Change Monitoring and Event Notification

CloudTrail, EventBridge, and CloudWatch provide alerts on secret changes so issues can be swiftly investigated.

Audit Trails and Reporting

CloudTrail logs detail who accessed what secrets and when across all AWS regions for historical audit and analysis.

Standards Validation

Configure AWS Config rules to continually validate secrets meet naming, tagging, rotation, and encryption standards.

Investing in secrets management and governance upfront saves tremendous pain later during audit prep and remediation. It also helps instill customer trust that their data is responsibly managed.

Pricing and Cost Optimization

AWS Secrets Manager pricing follows a pay-per-secret model based on monthly active secrets:

Tier Monthly Active Secrets Price Per Secret
0-10 secrets $0.40
11-100 secrets $0.30
101-250 secrets $0.27
251-500 secrets $0.24
500+ secrets Custom Pricing

So for example 50 active secrets would incur a monthly charge of $15 (50 * $0.30).

You only pay for secrets you actively use vs. total stored secrets. As your usage grows, volume discounts kick in.

Here are some best practices to optimize spend:

  • Use resource tags to right-size instances and scale down unused capacity
  • Set up CloudWatch alarms for spend thresholds
  • Leverage AWS Budgets to plan costs and receive alerts
  • Utilize Cost Explorer to visualize spend trends and identify opportunities to reduce usage

While Secrets Manager requires additional infrastructure, the security and engineer productivity benefits easily warrant the incremental costs.

The Future of Secrets Management

Safeguarding secrets only grows more critical as applications become increasingly dynamic and distributed into hybrid environments spanning multiple public clouds and private data centers.

Some innovations I expect to see in secrets management include:

Embedded Secrets Protection – Compile-time and runtime protections to prevent hardcoded secrets in modern tech stacks like Kubernetes, serverless and containers.

Dynamic Secret Generation – On-demand ephemeral secrets tailored to the exact needs of short-lived functions and workloads.

Cross-Platform Abstraction – Unified secrets API spanning across AWS, Azure, GCP and on-prem Key Management Systems.

GitOps Integration – Native secrets management tightly integrated into developer Git workflows and CI/CD pipelines.

Risk-Adaptive Controls – Dynamic secret permissions and rotation frequency adjusted based on AI assessment of access patterns and threat exposure.

While AWS Secrets Manager delivers robust capabilities today, I anticipate even more advanced functionality arriving soon to keep simplifying secrets management in the future as part of a defense-in-depth strategy.

Key Takeaways

Here are my biggest recommendations regarding AWS Secrets Manager:

Adopt Secrets Manager to increase security and reduce risk of compromised credentials or keys. The automation frees up cycles previously spent on homegrown encryption and rotation.

Apply least privilege controls via IAM or resource policies instead of overprovisioning access or using one master key.

Enable rotation consistently across all eligible secrets to reduce exposure of stale credentials.

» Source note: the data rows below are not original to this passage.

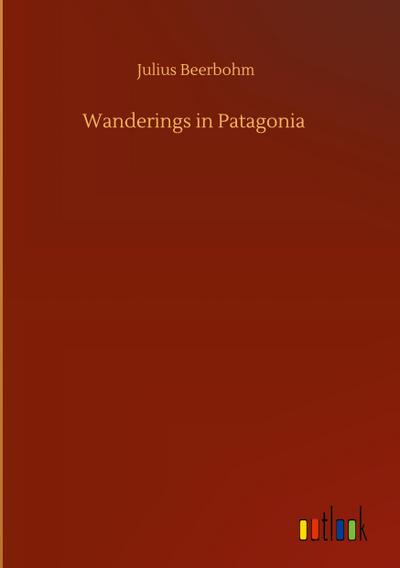 Wanderings in Patagonia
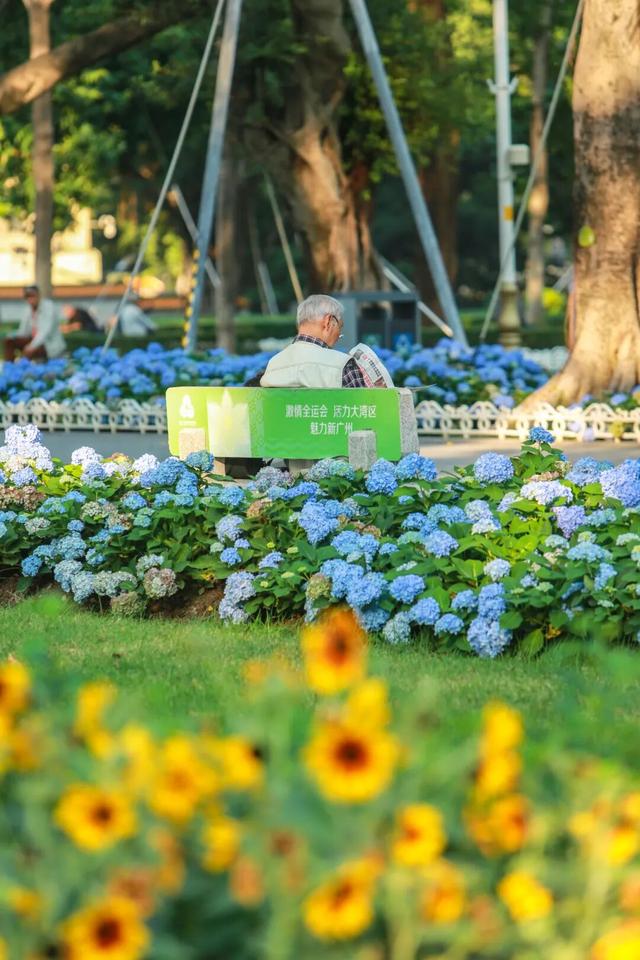 这么近，那么美！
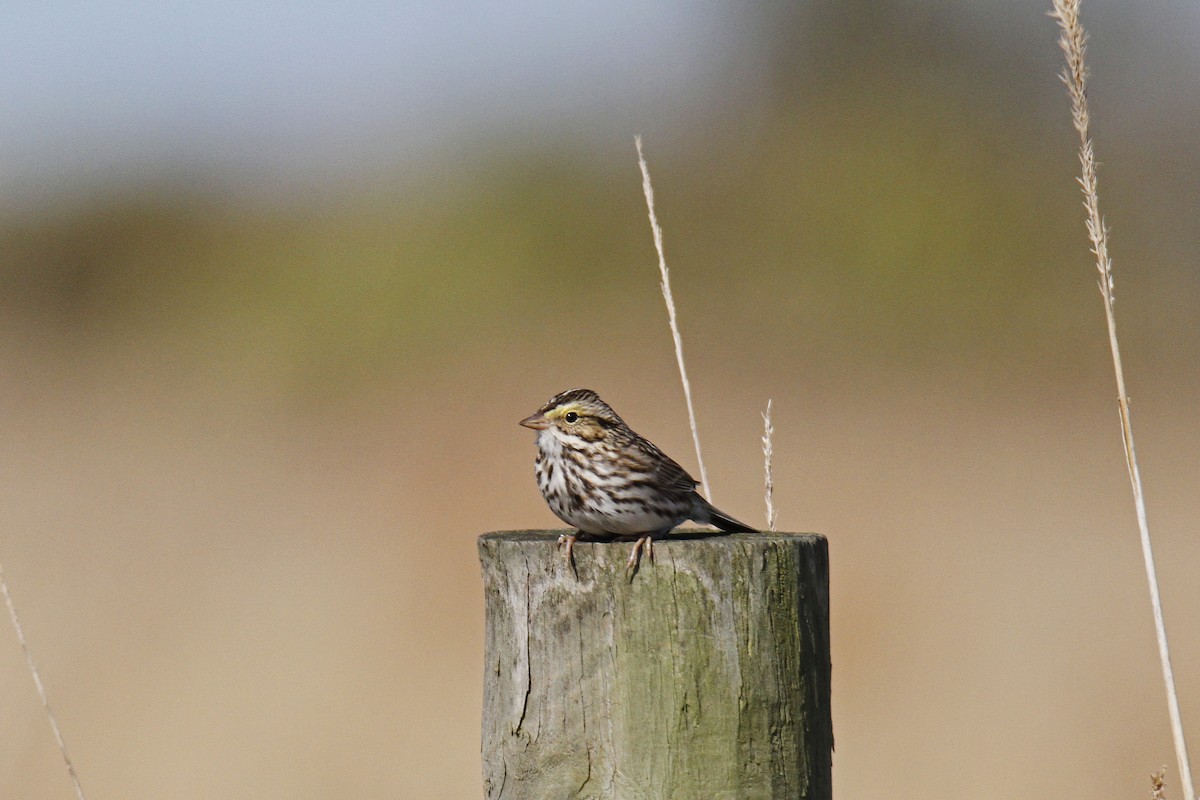 Savannah Sparrow - Connie Guillory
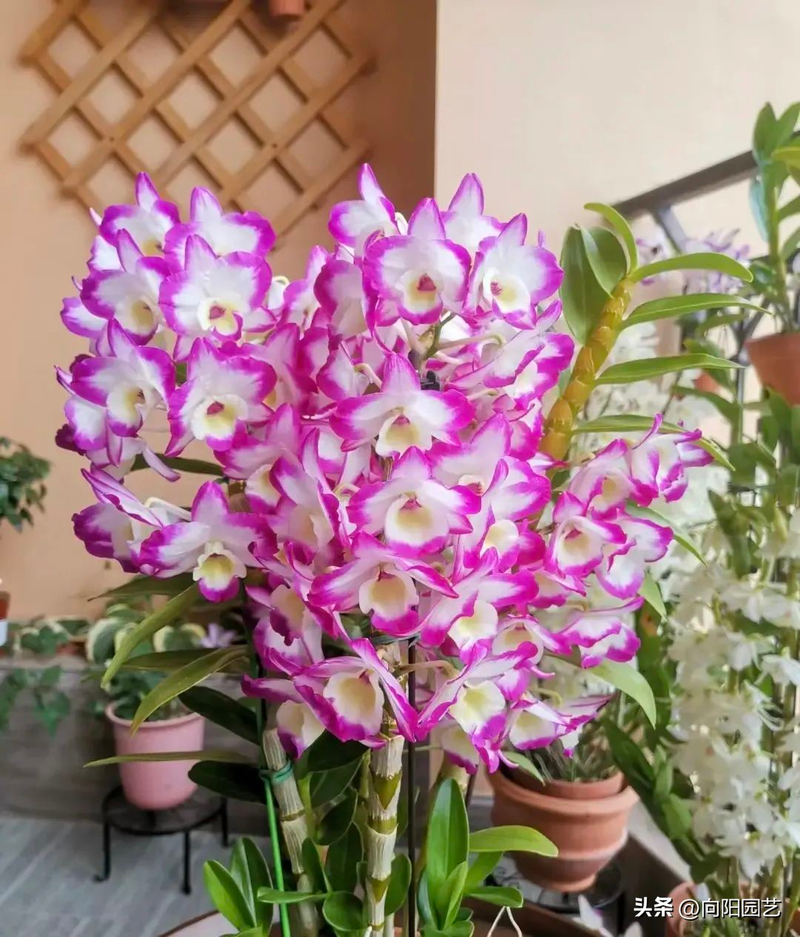 The family of the stone growing method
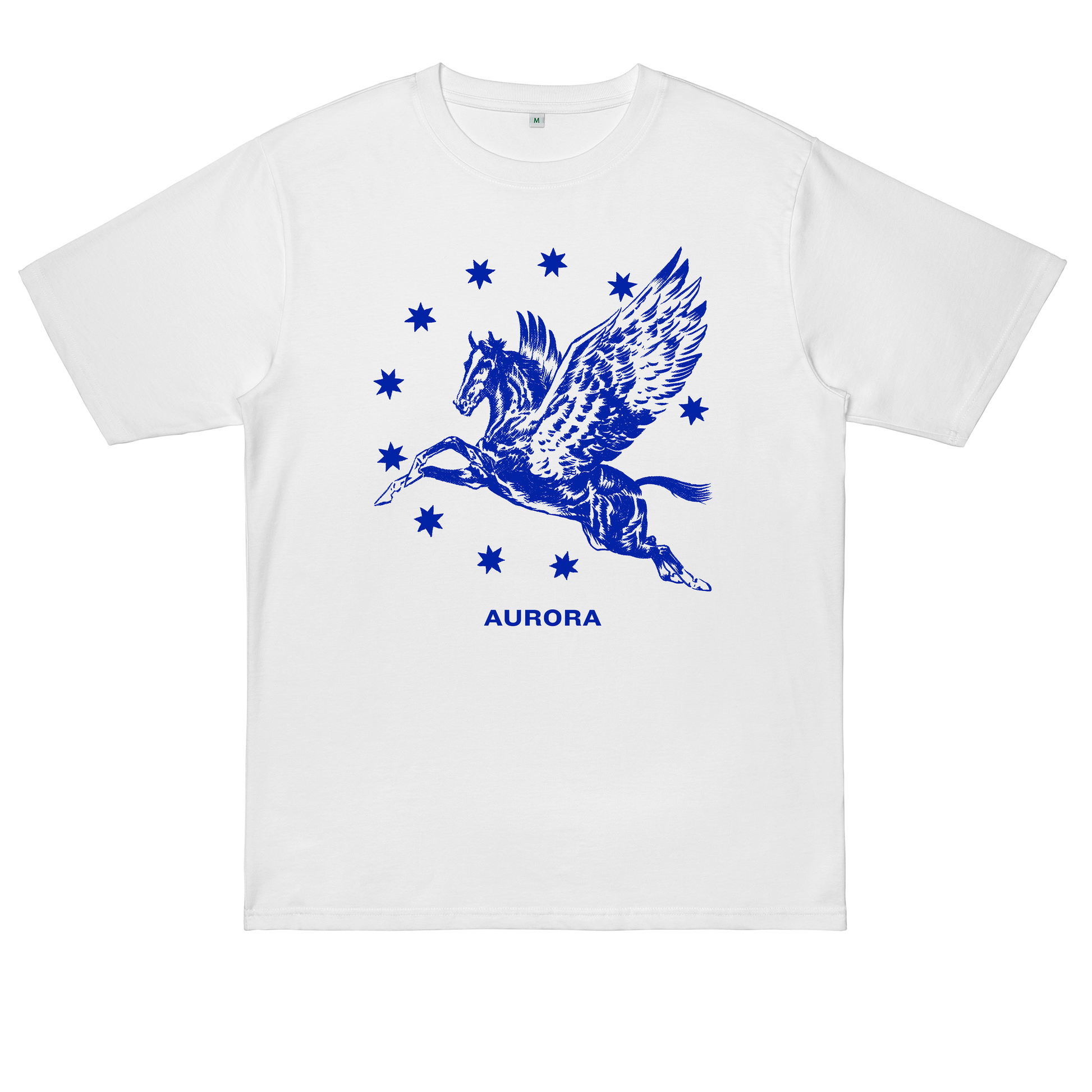 AURORa Pegasus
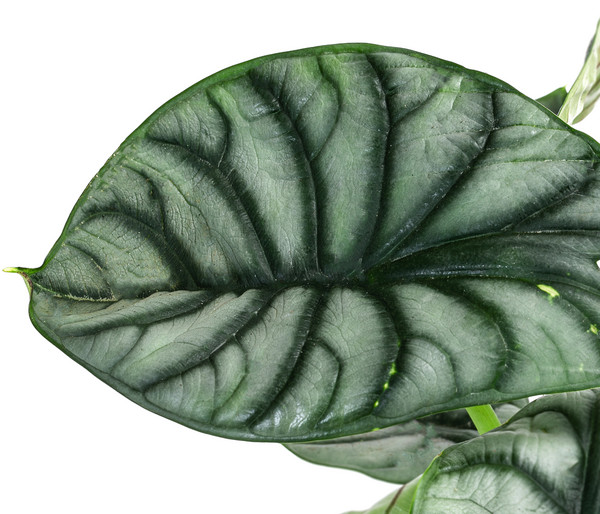 Pfeilblatt - Alocasia 'Silver Dragon'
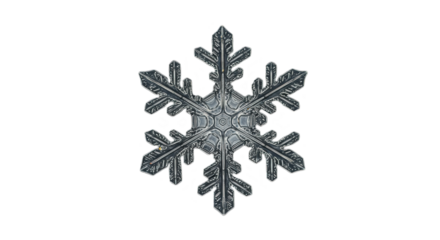 Isolated Snowflake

Layer in monitoring and audit trails via CloudWatch and CloudTrail to detect anomalous secret access attempts early.

Operationalize secret hygiene checks on an ongoing basis to validate secrets meet security standards, tagging conventions etc proactively instead of waiting for audit findings.

Right size secret storage by deprovisioning unused secrets. Referring fewer total secrets reduces costs.

Prioritizing secrets management lifts an enormous burden off security and developer teams. AWS Secrets Manager capably handles the undifferentiated heavy lifting to secure secrets while providing clean abstraction and governance.

What approaches have you found effective for managing secrets? Are there additional capabilities or integrations you‘d like to see in Secrets Manager? I welcome your thoughts and feedback below!